Risk Management and Strategy

We regularly assess risks from cybersecurity threats, monitor our information systems for potential vulnerabilities and test those systems pursuant to our cybersecurity policies and procedures, which are integrated into the Company’s overall risk management framework. To protect our information systems from cybersecurity threats, we use various security tools that help us identify, escalate, investigate, resolve, and recover from security incidents in a timely manner.

We partner with third parties to implement and assess the effectiveness of our cybersecurity prevention and response systems and processes. We have a Managed Security Services provider (MSSP) that provides a 24 x 7 x 365 Security Operations Center (SOC) and works with our information technology (IT) team to employ a variety of monitoring technologies to detect and be alerted to potential cyber threats, as well as establish and implement procedures for the mitigation and remediation of any cybersecurity incidents. We conduct an annual penetration test, regular phishing tests, and annual cybersecurity training for our employees.

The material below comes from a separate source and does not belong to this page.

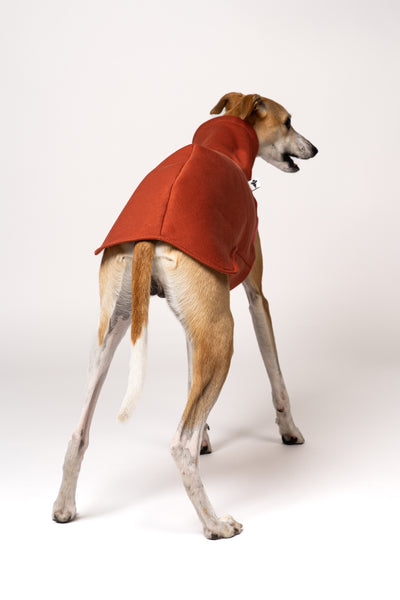 Terracotta Long Shirt auf weißem Hintergrund – perfekter Sitz am jungen Whippet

Additionally, the management team of the Company has developed a cyber incident response plan to deploy in the event of a cyber threat. This plan is reviewed and updated at least annually and tested from time to time through tabletop exercises involving management and other key personnel, and may also include participation from ESRT's Board and outside experts. As part of regular business continuity planning, department heads are required to consider key technology systems used by their respective teams and the impact to the Company and other stakeholders in the event that such systems become compromised or unavailable. Additionally, we monitor and identify cybersecurity risks posed by third-party vendors who provide software and/or hardware to the Company or otherwise have access to our Company systems and have a cyber review process that is part of vendor onboarding.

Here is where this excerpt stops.